The country's economy has been badly affected by the three rounds of violence, a flight of capital appears to be under way, and most businessmen consider the 1975 tourist season a dead loss. Beyond all that, the internecine bloodshed has shattered the morale of the dynamic city, which has become the financial capital of the Arab world.
The current clashes primarily involve hard-lining leftist Palestinian commandos (but not the Palestine Liberation Organization, led by relatively moderate Yasser Arafat), Lebanese leftists, and the fiercely nationalistic Phalangists, who deeply resent the fact that armed fedayeen form a kind of state within a state in Lebanon. The bitterness has been compounded by the political difficulties of Premier-Designate Rashid Karami, an eight-time Prime Minister (TIME, June 9), who after four frustrating weeks is still trying to put together a Cabinet that will be acceptable to Lebanon's principal political factions. The problem is that the Phalangists' leader, Sheik Pierre Gemayel, insists that his party be represented. Socialist Leader Kamal Jumblatt is equally determined that the Phalangists be frozen out.

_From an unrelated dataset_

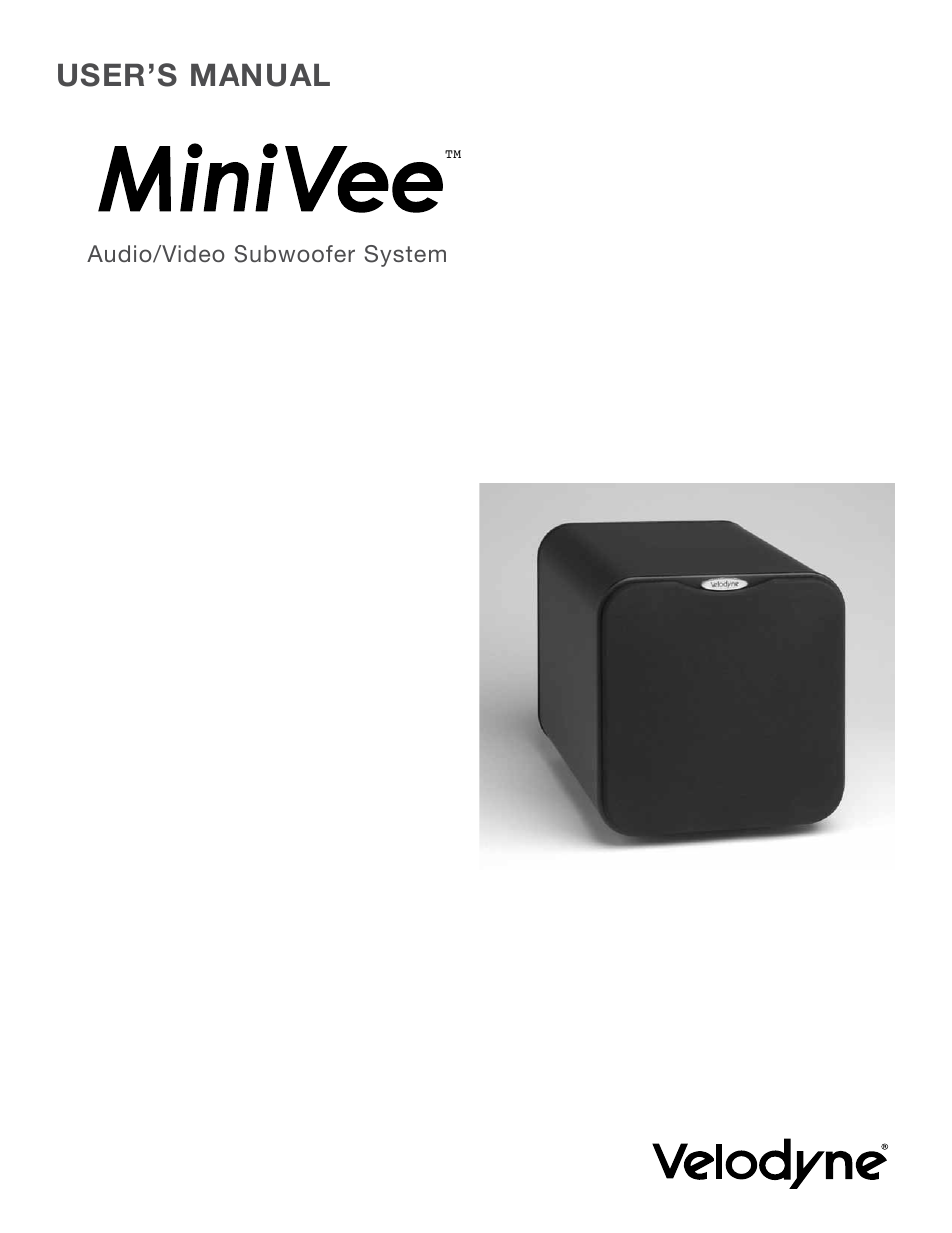 Velodyne MiniVee Series User Manual | 20 pages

Sectarian Distrust. Karami proposed a Cabinet, therefore, that would exclude both extreme right-and left-wing groups until the country had calmed down, but his proposal fell on deaf ears. So far the underlying issues --which cut to the heart of Lebanon's sectarian distrust between Christians and Moslems--have proved to be insoluble. "The difficulty in resolving the political crisis," observed a Western diplomat, "has hindered the resolution of the security crisis." At one point Karami threatened to give up his efforts to form a government, but by week's end had been persuaded by his colleagues to keep trying.